Removes old snapshots and associated data files. Maps to Iceberg's ExpireSnapshots.

Field Type Default Description
retainLast integer 5 Minimum snapshots to retain
maxSnapshotAge string P7D Max snapshot age (ISO-8601 duration)
cleanExpiredMetadata boolean false Clean unused partition specs and schemas
expireSnapshotId long - Expire a specific snapshot by ID (Spark only)

Example:

{
  "expireSnapshots": {
    "retainLast": 5,
    "maxSnapshotAge": "P7D",
    "cleanExpiredMetadata": false
  }
}

Note: expireSnapshotId is not supported by Trino.


orphanCleanup

Removes files not referenced by any snapshot. Maps to Iceberg's DeleteOrphanFiles.

Field Type Default Description
retentionPeriodInDays integer 3 Delete files older than N days
location string table root Location to scan for orphans (Spark only)
prefixMismatchMode string ERROR ERROR, IGNORE, or DELETE (Spark only)
equalSchemes object - Map of equivalent URI schemes (Spark only)
equalAuthorities object - Map of equivalent URI authorities (Spark only)

Example:

{
  "orphanCleanup": {
    "retentionPeriodInDays": 3
  }
}

Note: location, prefixMismatchMode, equalSchemes, and equalAuthorities are not supported by Trino.


rewriteManifests

Rewrites manifest files for better query planning. Maps to Iceberg's RewriteManifests.
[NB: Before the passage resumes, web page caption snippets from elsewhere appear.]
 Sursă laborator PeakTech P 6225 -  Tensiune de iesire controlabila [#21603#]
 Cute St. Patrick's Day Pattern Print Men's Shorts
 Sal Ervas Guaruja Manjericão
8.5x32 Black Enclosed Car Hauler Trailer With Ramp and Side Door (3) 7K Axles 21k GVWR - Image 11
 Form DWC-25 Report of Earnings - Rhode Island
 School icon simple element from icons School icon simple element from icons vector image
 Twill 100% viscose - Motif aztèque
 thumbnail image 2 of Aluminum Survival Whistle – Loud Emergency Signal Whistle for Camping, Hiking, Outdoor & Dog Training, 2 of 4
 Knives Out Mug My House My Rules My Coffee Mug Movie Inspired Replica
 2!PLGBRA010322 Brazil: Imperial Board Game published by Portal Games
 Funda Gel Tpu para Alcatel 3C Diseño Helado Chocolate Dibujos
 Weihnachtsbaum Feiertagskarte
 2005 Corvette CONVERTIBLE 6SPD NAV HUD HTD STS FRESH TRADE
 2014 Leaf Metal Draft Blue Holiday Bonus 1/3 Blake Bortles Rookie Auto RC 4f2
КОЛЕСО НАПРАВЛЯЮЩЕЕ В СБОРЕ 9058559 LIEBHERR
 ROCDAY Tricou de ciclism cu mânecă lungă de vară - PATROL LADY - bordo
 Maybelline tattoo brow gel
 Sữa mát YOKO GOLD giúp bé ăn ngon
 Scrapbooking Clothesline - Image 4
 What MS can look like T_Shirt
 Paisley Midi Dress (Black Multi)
Field Type Default Description
specId integer current Partition spec ID to rewrite
stagingLocation string metadata location Staging location for new manifests
sortBy string[] spec order Partition fields to sort manifests by
rewriteIf object all Filter which manifests to rewrite

rewriteIf (ManifestFilter)

Filter manifests based on ManifestFile schema fields. All fields are optional.

Field Type Description
path string Manifest file path
length long Manifest file size in bytes
specId integer Partition spec ID
content string DATA or DELETES
sequenceNumber long Sequence number of commit that added manifest
minSequenceNumber long Lowest sequence number of any live file
snapshotId long Snapshot that added the manifest
addedFilesCount integer Number of added files
existingFilesCount integer Number of existing files
deletedFilesCount integer Number of deleted files
addedRowsCount long Number of added rows
existingRowsCount long Number of existing rows
deletedRowsCount long Number of deleted rows
firstRowId long Starting row ID for new rows
keyMetadata string Encryption key metadata (hex)
partitionSummaries array Partition field summaries

partitionSummaries (PartitionFieldSummary)

Field Type Description
containsNull boolean Whether partition contains null values
containsNan boolean Whether partition contains NaN values
lowerBound string Lower bound (hex encoded)
upperBound string Upper bound (hex encoded)

Example:

{
  "rewriteManifests": {
    "specId": 0,
    "rewriteIf": {
      "content": "DATA",
      "addedFilesCount": 0
    }
  }
}

Note: rewriteIf, specId, stagingLocation, and sortBy are not supported by Trino.


Schedule

Each operation can have its own schedule.

Field Type Description
cronExpression string Cron expression (e.g., 0 2 * * *)
interval integer Run every N days (alternative to cron)
windowStart string Earliest start time (HH:mm)
windowEnd string Latest start time (HH:mm)
allowedDays string Comma-separated days (e.g., MONDAY,FRIDAY)
timeout integer Operation timeout in hours
priority integer Schedule priority
enabled boolean Enable/disable schedule

Example:

{
  "rewriteDataFilesSchedule": {
    "cronExpression": "0 2 * * *",
    "windowStart": "02:00",
    "windowEnd": "06:00",
    "enabled": true
  }
}

Engine Support

Not all fields are supported by all engines.

Field Spark Trino
rewriteDataFiles
All fields Yes No (only targetFileSizeBytes, filter)
expireSnapshots
retainLast, maxSnapshotAge, cleanExpiredMetadata Yes Yes
expireSnapshotId Yes No
orphanCleanup
retentionPeriodInDays Yes Yes
location, prefixMismatchMode, equalSchemes, equalAuthorities Yes No
rewriteManifests
All fields Yes No (Trino takes no parameters)